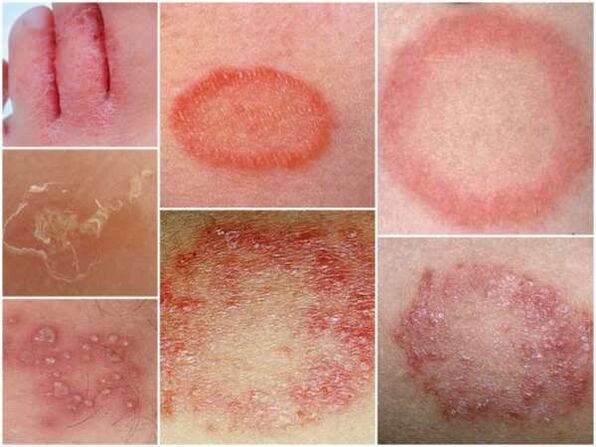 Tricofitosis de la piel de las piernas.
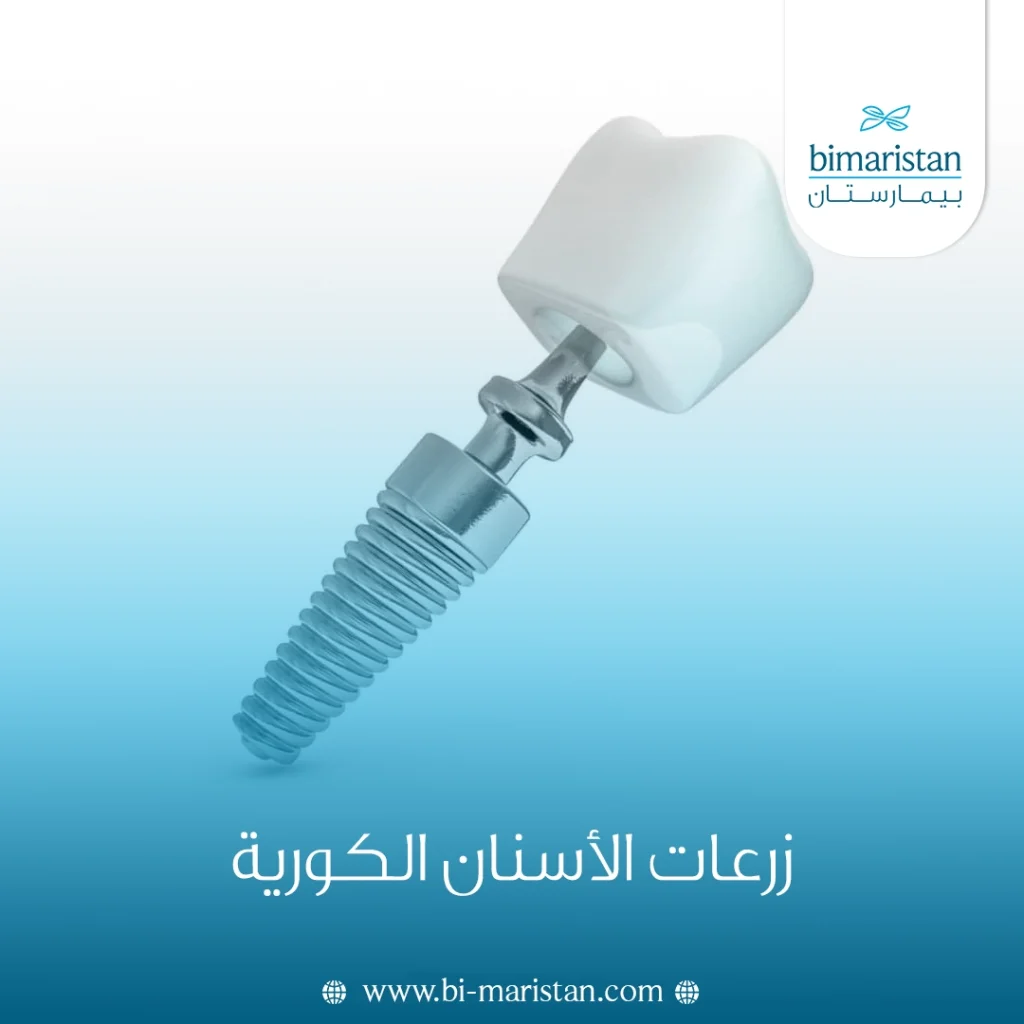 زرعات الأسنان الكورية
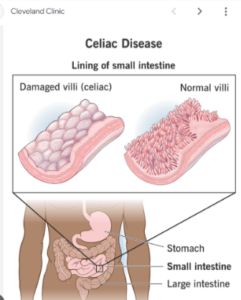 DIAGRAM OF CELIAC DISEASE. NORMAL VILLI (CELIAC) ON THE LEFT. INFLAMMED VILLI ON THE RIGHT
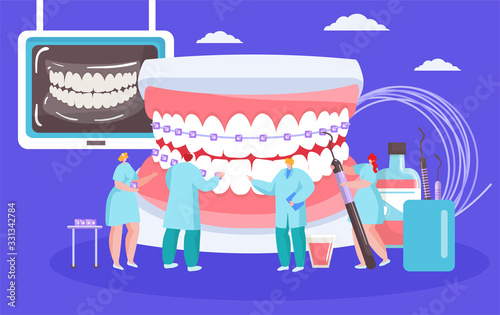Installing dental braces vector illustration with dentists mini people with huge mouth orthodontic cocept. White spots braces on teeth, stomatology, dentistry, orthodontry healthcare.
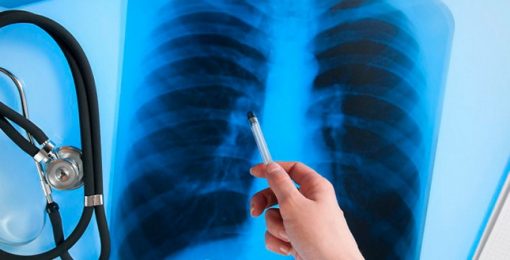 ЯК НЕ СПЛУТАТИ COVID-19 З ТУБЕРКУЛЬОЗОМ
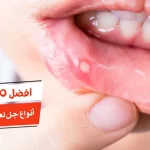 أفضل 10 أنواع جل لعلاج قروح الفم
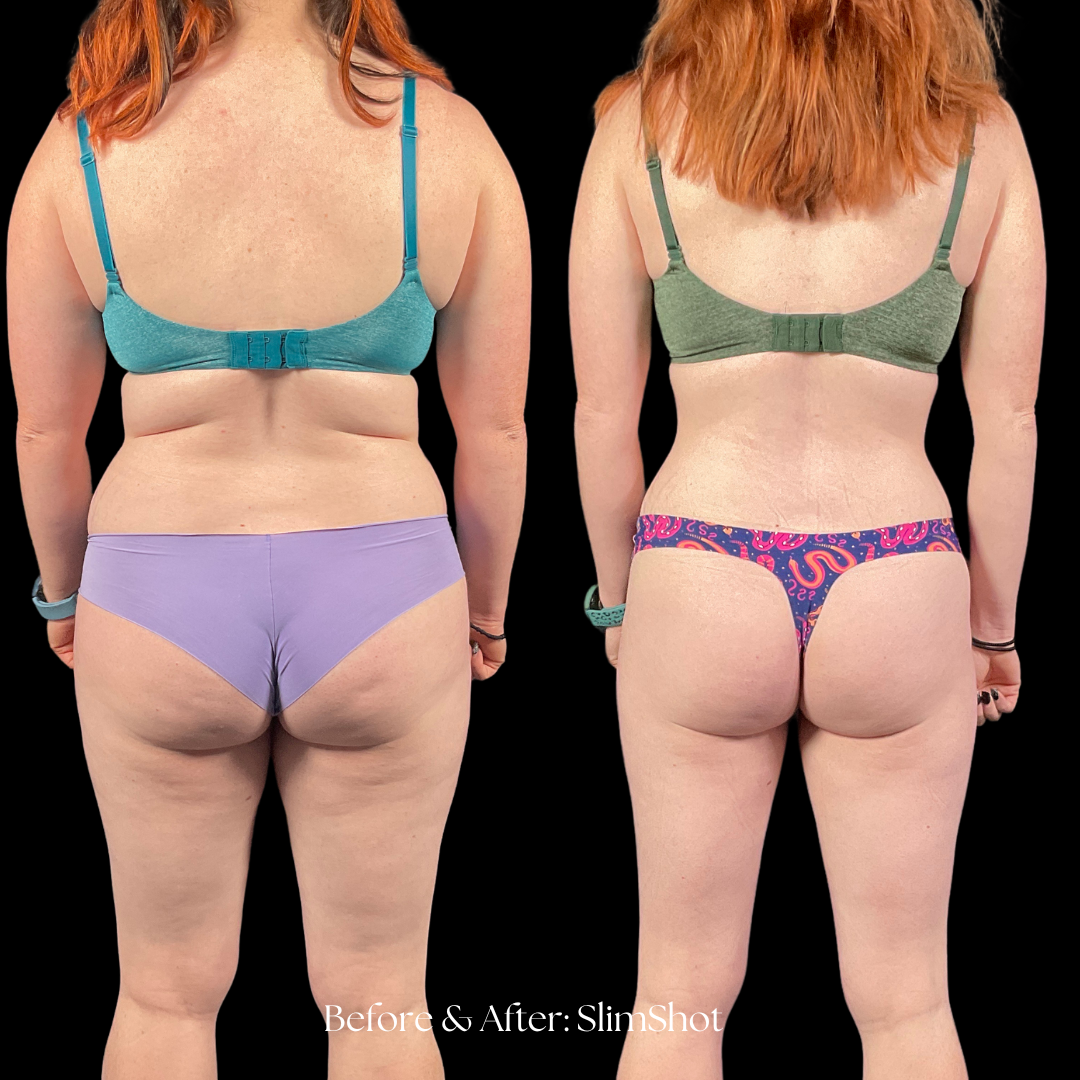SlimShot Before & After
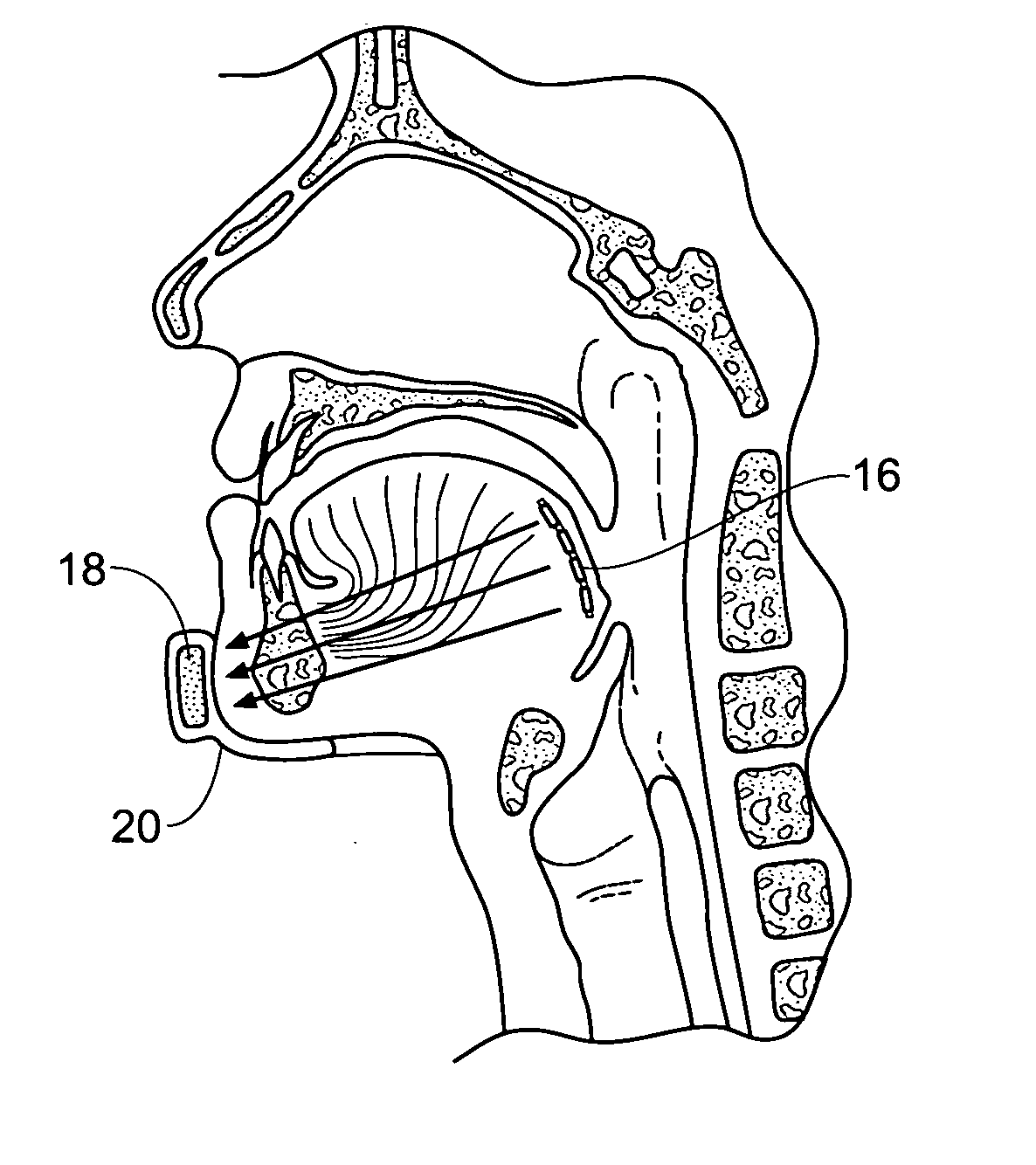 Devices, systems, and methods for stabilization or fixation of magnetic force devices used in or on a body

______________________________

- _DIRECTIONS FOR THIS TASK_:
Beginning with the line that includes "أفضل 10 أنواع جل لعلاج قروح الفم" and ending with the last line of the material, reproduce those lines exactly and nothing else, with no pictures.

- _PROBLEM SOLUTION_:
 أفضل 10 أنواع جل لعلاج قروح الفم
SlimShot Before & After
 Devices, systems, and methods for stabilization or fixation of magnetic force devices used in or on a body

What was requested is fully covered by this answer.